TASK MATERIAL |
◆ ◆ ◆ ◆ ◆ ◆ ◆
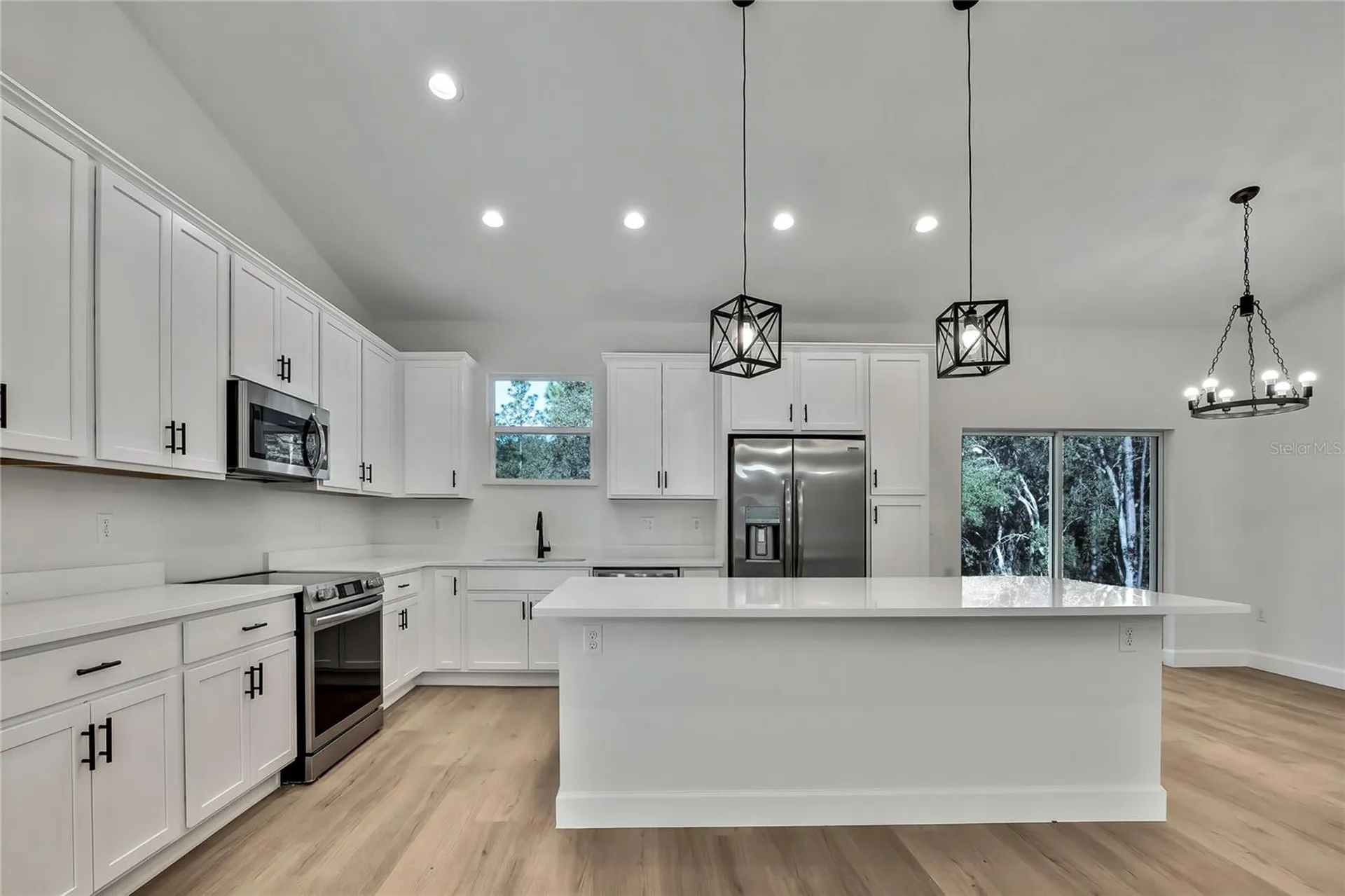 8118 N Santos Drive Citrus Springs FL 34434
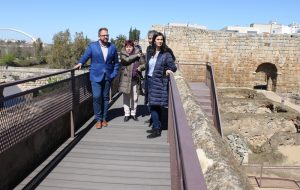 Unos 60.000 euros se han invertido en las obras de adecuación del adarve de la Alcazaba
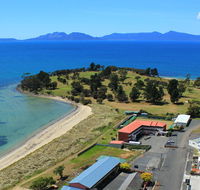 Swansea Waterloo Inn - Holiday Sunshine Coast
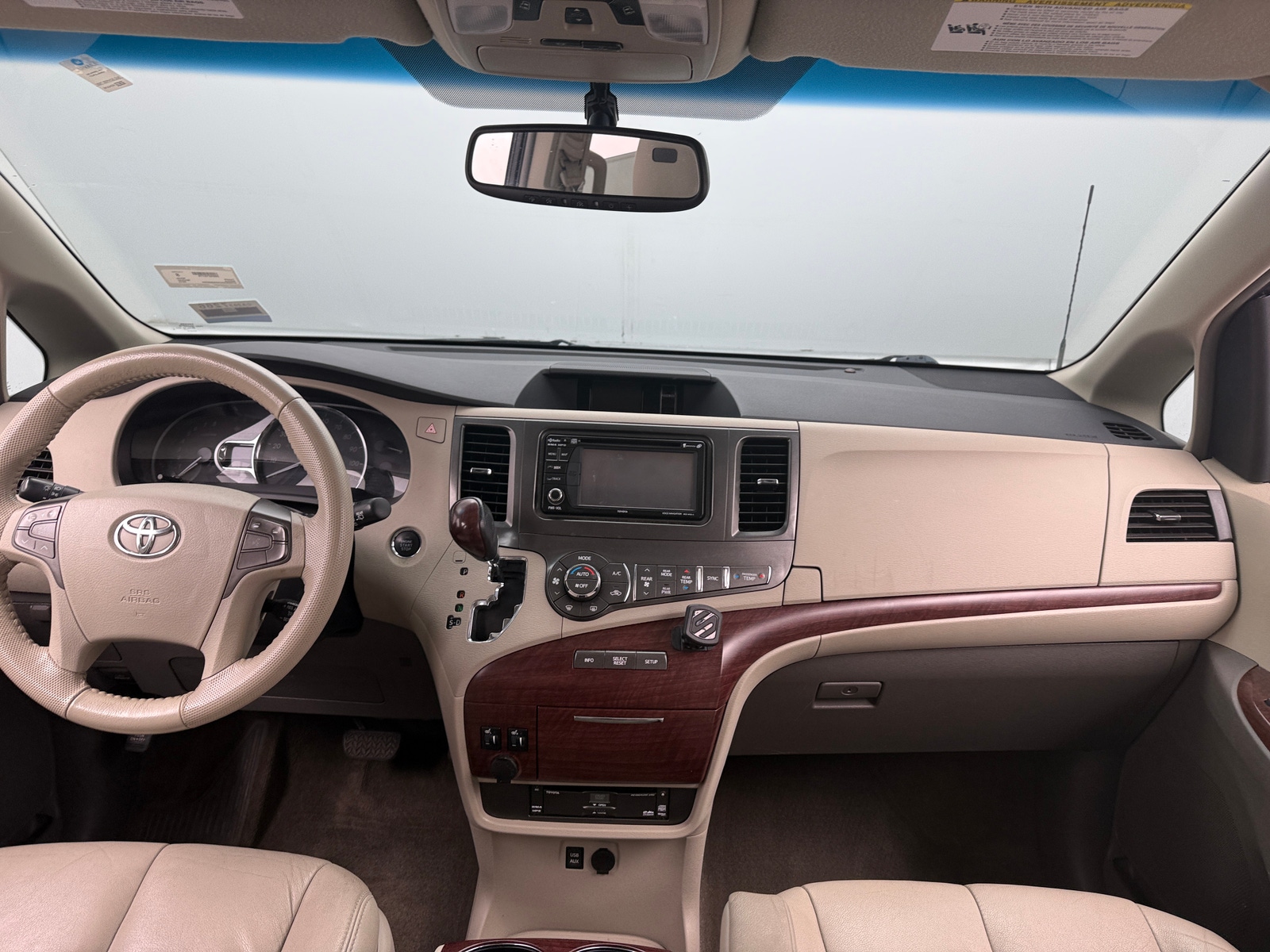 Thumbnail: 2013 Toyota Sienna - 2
◆ ◆ ◆ ◆ ◆ ◆ ◆
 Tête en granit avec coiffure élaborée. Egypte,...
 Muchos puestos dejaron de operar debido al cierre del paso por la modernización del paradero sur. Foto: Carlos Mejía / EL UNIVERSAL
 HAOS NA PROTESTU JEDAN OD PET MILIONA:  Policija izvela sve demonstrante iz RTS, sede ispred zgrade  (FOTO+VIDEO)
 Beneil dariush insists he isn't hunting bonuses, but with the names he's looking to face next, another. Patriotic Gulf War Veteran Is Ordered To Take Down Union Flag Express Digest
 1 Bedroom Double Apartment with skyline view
◆ ◆ ◆ ◆ ◆ ◆ ◆
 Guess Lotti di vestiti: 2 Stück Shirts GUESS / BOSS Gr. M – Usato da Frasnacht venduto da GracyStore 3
◆ ◆ ◆ ◆ ◆ ◆ ◆
WORK REQUIRED |
Set down word for word the lines above from the one with "Swansea Waterloo Inn" up to and including the one with "Thumbnail: 2013 Toyota Sienna - 2". Omit every picture.

SOLUTION FOR THIS TASK |
 Swansea Waterloo Inn - Holiday Sunshine Coast
 Thumbnail: 2013 Toyota Sienna - 2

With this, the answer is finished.